== What to work on ==
Please print the entries below exactly, from the line with "In this video, we'll" through the line with "In this video, we're", including both of those lines and leaving out all others.

== Data supplied ==
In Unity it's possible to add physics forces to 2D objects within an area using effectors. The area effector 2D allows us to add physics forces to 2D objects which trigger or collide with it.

* * *

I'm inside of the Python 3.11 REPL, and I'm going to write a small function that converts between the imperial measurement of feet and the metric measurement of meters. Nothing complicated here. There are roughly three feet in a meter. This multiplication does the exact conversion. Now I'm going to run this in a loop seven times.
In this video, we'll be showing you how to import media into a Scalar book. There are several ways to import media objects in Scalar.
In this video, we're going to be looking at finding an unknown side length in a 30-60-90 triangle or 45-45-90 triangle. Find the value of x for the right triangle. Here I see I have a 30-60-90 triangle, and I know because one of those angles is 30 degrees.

== Your response ==
In this video, we'll be showing you how to import media into a Scalar book. There are several ways to import media objects in Scalar.
In this video, we're going to be looking at finding an unknown side length in a 30-60-90 triangle or 45-45-90 triangle. Find the value of x for the right triangle. Here I see I have a 30-60-90 triangle, and I know because one of those angles is 30 degrees.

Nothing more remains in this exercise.